Runtime errors also tend to be things not happening in isolation, especially if the first error in a sequence goes unmitigated. If there are natural causes such as congestion, further errors are likely to pile up as operation continues. For unnatural causes such as a malicious app, small errors can be a precursor to larger exploits. A chain of runtime errors can eventually render part or all of a SoC unable to function.

Not all errors are created equal. Many errors simply happen silently, producing an incorrect response but otherwise undetected. Others are seen but unacted upon. Depending on the source and severity of the error condition, recovery might be possible, or it might be prohibitively expensive in terms of extra gates and layers of software. The last resort is the dreaded hardware reset, an increasingly archaic response that irritates users to no end.

Without the right NoC infrastructure, even the first few phases of error management are difficult, making simple errors hard to handle. In architectures such as automotive and the IoT, where real-time and safety-critical operation becomes more important, error management is taking on more importance in SoC design. With the right NoC architecture, built-in features make robust error management easier.


There are five phases in error management: detection, aggregation, logging, reporting, and recovery. In the SonicsGN architecture, detection starts with configurable initiator agents and target agents. A transaction begins at an initiator, flows through routers, is received at a target, and is acknowledged with a response that flows back to the initiator. Each agent has what amounts to a watchdog timer, looking at four situations: burst failure, target flow control, return ack fail, and initiator flow control.

Other types of in-band errors can occur. Each initiator agent has a map of the targets it is permitted to reach; an access attempt can fall into an address “hole” in the map, or might be trying to access a powered-down domain. An initiator agent might see an unsupported command, a target agent might see an access violation, or both might report some type of safety error (as in a firewall, or what Sonics terms a protection mechanism). Another common error is the out-of-band variety, such a violation of the AXI non-modifiable burst. When possible, errors are handled at the initiator agent to minimize network traffic.

The SonicsGN agents detect, aggregate, and log errors – but what happens then? Reporting is configurable, with responses ranging from simple in-band messages to sideband techniques up to processor interrupt. One interesting scenario is an attack on a sensitive IP block. It may be futile to report those errors back to the initiator, who would be generating the attack entirely on purpose. Recovering errors is also up to the customer. Software can go into the agents and sweep the error logs, looking at different classes of severity and frequency, then decide what to do.

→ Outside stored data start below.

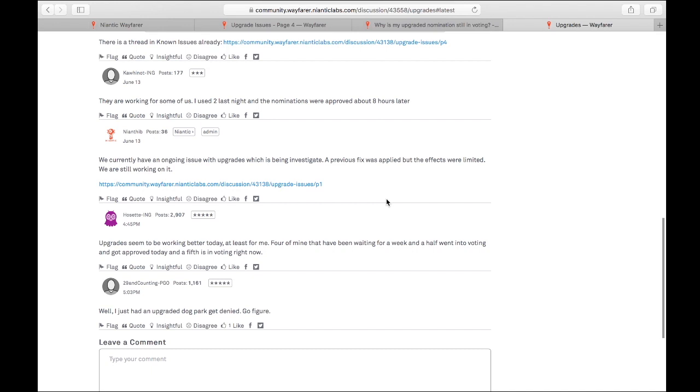And then what got my attention was at 4:45 today p.m., somebody posted, upgrades seem to be working better today, at least for me. Four of mine that had been waiting for a week and a half went into voting and got approved today, and a fifth is in voting right now.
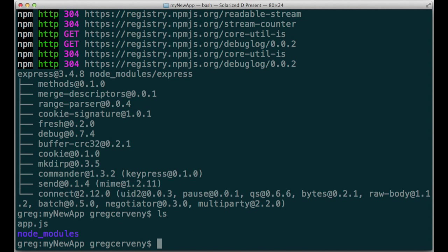npm looks up Express in the package registry, organized and hosted by npm, and delivers me the code. It now lives in the node modules directory.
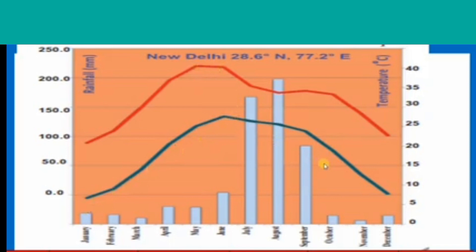Which months have high rainfall in Delhi? July and August months have 220 millimetres of rainfall. Which months have low rainfall in Delhi? November and March have about 3 millimetres of rainfall. This is the information about New Delhi from its climatograph.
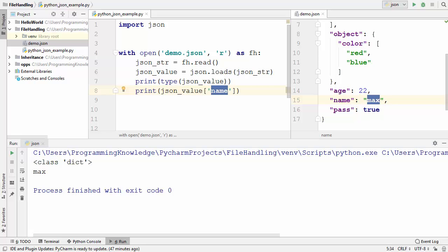This is how you can handle JSON values in Python. I hope you have enjoyed this video and I will see you in the next video.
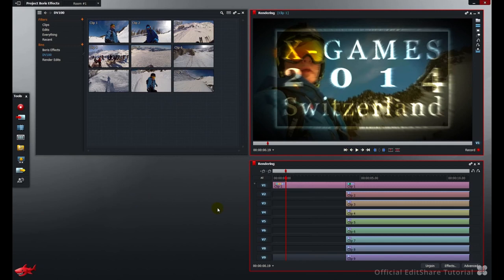Hello and welcome to Lightworks. In this tutorial, we're going to have a look at rendering effects, what exactly that means, and at what points you need to render.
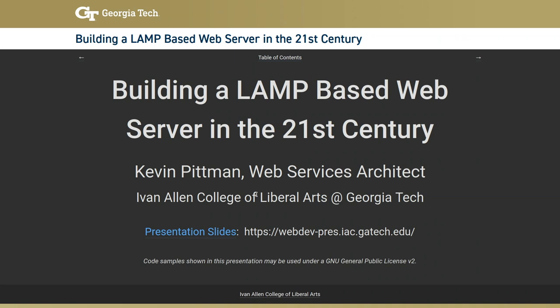This presentation is titled 'Building a LAMP-based web server in the 21st century.' Attendees can try following along at webdev-prez.iac.gatech.edu, though the campus DNS system went down yesterday and is still recovering, so connectivity may be unreliable. As with all good presenters, the speaker also has slides on his notebook so he doesn't have to worry about the internet.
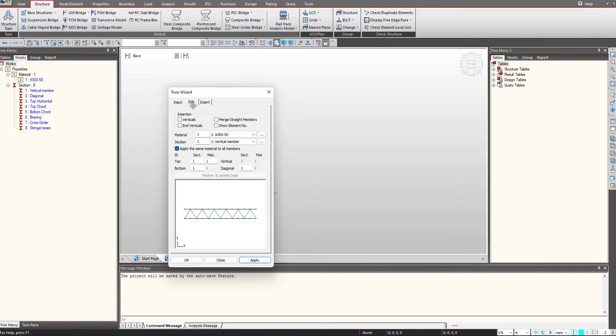Next is to give the sections. In case we are having vertical elements, we will be choosing this vertical, and then we need to assign the different sections for the top chord, bottom chord, vertical element, and diagonal.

The point is customers can use the SonicsGN capability to engineer as little or as much error management into their product as needed. Much of the original work on NoC error management was done in conjunction with TI on various OMAP family members, and Sonics has a detailed error management microarchitecture (under NDA).

There are always tradeoffs. For a fully certifiable, safety-critical system, the investment in both hardware and software for a SoC with robust error reporting and recovery in some scenarios may be well worth it. Even for less hardened systems where recovery might be expensive in silicon, the ability to recognize and report suspicious activity could be instrumental in IoT and other applications. Imagine an IoT edge device that could tell the provisioning system it is being hacked and going offline – while the attack is in progress, rather than after the fact when bad data has propagated all over network.

To me, this seems like the early days of the Internet, when IT types were looking through logs of traffic from routers, firewalls, packet shapers, load balancers, and other appliances looking for who was trying to do what to whom. The difference is now it is all happening within a single chip running a NoC. Without the type of visibility SonicsGN provides, errors could easily run out of control all over a chip – and users would never know until it was too late. With the error management capability in SonicsGN, SoC designers have a lot more control.